Change-Id: I7749af38a11ac8eb4d53d8df1252951e0890fde3
Signed-off-by: Giacomo Travaglini <giacomo.travaglini@arm.com>
Reviewed-by: Andreas Sandberg <andreas.sandberg@arm.com>
Reviewed-on: https://gem5-review.googlesource.com/10996
Reviewed-by: Nikos Nikoleris <nikos.nikoleris@arm.com>
Maintainer: Nikos Nikoleris <nikos.nikoleris@arm.com>


# 12748:ae5ce8e42de7 03-Jun-2018 Giacomo Travaglini <giacomo.travaglini@arm.com>

misc: Substitute pointer to Request with aliased RequestPtr

Every usage of Request* in the code has been replaced with the
RequestPtr alias.
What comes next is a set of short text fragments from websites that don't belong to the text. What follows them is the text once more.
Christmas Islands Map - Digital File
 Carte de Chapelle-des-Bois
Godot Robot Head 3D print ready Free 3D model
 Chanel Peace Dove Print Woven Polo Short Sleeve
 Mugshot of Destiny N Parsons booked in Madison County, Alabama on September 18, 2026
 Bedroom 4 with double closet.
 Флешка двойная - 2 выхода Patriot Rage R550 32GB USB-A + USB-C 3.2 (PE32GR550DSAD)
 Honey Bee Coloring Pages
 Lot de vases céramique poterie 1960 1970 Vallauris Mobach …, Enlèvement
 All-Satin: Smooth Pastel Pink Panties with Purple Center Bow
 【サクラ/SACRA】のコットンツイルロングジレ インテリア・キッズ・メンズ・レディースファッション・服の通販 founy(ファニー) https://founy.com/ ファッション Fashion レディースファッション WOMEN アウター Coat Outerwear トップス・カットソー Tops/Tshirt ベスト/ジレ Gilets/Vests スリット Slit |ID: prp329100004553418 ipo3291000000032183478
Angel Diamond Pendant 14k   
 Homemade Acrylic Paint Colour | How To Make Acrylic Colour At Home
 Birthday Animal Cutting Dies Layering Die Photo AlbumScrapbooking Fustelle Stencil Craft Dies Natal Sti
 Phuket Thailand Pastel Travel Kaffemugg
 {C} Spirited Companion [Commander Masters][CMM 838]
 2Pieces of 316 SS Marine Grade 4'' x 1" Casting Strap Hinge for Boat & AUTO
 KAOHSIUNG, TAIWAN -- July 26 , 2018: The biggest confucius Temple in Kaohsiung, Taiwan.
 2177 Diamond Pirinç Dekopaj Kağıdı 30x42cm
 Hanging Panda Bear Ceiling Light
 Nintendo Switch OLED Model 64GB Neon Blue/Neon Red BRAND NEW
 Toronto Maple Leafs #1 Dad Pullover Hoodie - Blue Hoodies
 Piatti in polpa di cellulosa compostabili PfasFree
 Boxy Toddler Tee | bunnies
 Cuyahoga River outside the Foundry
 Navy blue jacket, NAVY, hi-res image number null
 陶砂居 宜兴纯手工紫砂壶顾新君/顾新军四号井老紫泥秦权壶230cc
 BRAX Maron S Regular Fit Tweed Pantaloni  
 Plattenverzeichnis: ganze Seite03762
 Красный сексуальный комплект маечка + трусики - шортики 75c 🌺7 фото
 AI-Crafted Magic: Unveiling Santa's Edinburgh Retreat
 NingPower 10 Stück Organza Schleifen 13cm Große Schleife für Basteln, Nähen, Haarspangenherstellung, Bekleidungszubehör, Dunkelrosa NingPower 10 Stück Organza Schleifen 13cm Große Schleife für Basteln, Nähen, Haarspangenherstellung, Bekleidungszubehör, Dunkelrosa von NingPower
This is a preparing patch for when RequestPtr will be
the typdefed to a smart pointer to Request rather then a raw pointer to
Request.

Change-Id: I73cbaf2d96ea9313a590cdc731a25662950cd51a
Signed-off-by: Giacomo Travaglini <giacomo.travaglini@arm.com>
Reviewed-by: Nikos Nikoleris <nikos.nikoleris@arm.com>
Reviewed-on: https://gem5-review.googlesource.com/10995
Reviewed-by: Anthony Gutierrez <anthony.gutierrez@amd.com>
Reviewed-by: Daniel Carvalho <odanrc@yahoo.com.br>
Maintainer: Anthony Gutierrez <anthony.gutierrez@amd.com>


# 12717:2e2c211644d2 27-Apr-2018 Brandon Potter <brandon.potter@amd.com>

gpu-compute: use X86ISA::TlbEntry over GpuTlbEntry

GpuTlbEntry was derived from a vanilla X86ISA::TlbEntry definition. It
wrapped the class and included an extra member "valid". This member was
intended to report on the validity of the entry, however it introduced
bugs when folks forgot to set field properly in the code. So, instead of
keeping the extra field which we might forget to set, we track validity by
using nullptr for invalid tlb entries (as the tlb entries are dynamically
allocated). This saves on the extra class definition and prevents bugs
creeping into the code since the checks are intrinsically tied into
accessing any of the X86ISA::TlbEntry members.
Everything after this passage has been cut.